# Training MMAction3 Mask-RCNN Model on Sagemaker Distributed Cluster

## Motivation
[MMDetection](https://github.com/open-mmlab/mmdetection) is a popular open-source Deep Learning framework focused on Computer Vision models and use cases. MMDetection provides to higher level APIs for model training and inference. It demonstrates [state-of-the-art benchmarks](https://github.com/open-mmlab/mmdetection#benchmark-and-model-zoo) for variety of model architecture and extensive Model Zoo.

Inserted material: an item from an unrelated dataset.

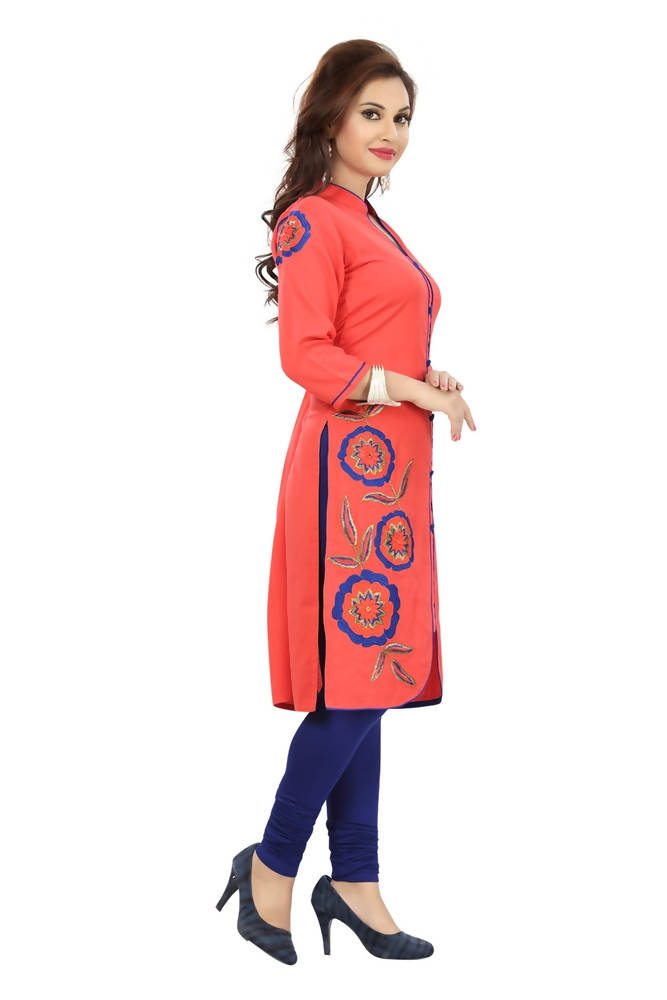 Snehal Creations Teasing Tomato Red Designer Embroidery Tunic | Grocsy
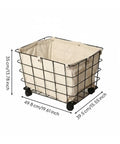 Heavy Duty Rolling Storage Basket For Toys, Smooth Swivel Caster Wheels Organizer With Removable Canvas Liner, Heavy Hitter Rectangle Bin For Playroom And Kids, showing dimensions and design.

In this notebook, we will build a custom training container with MMdetection library and then train Mask-RCNN model from scratch on [COCO2017 dataset](https://cocodataset.org/#home) using Sagemaker distributed [training feature](https://docs.aws.amazon.com/sagemaker/latest/dg/how-it-works-training.html) in order to reduce training time.

### Preconditions
- To execute this notebook, you will need to have COCO 2017 training and validation datasets uploaded to S3 bucket available for Amazon Sagemaker service.


## Building Training Container

Amazon Sagemaker allows to BYO containers for training, data processing, and inference. In our case, we need to build custom training container which will be pushed to your AWS account [ECR service](https://aws.amazon.com/ecr/). 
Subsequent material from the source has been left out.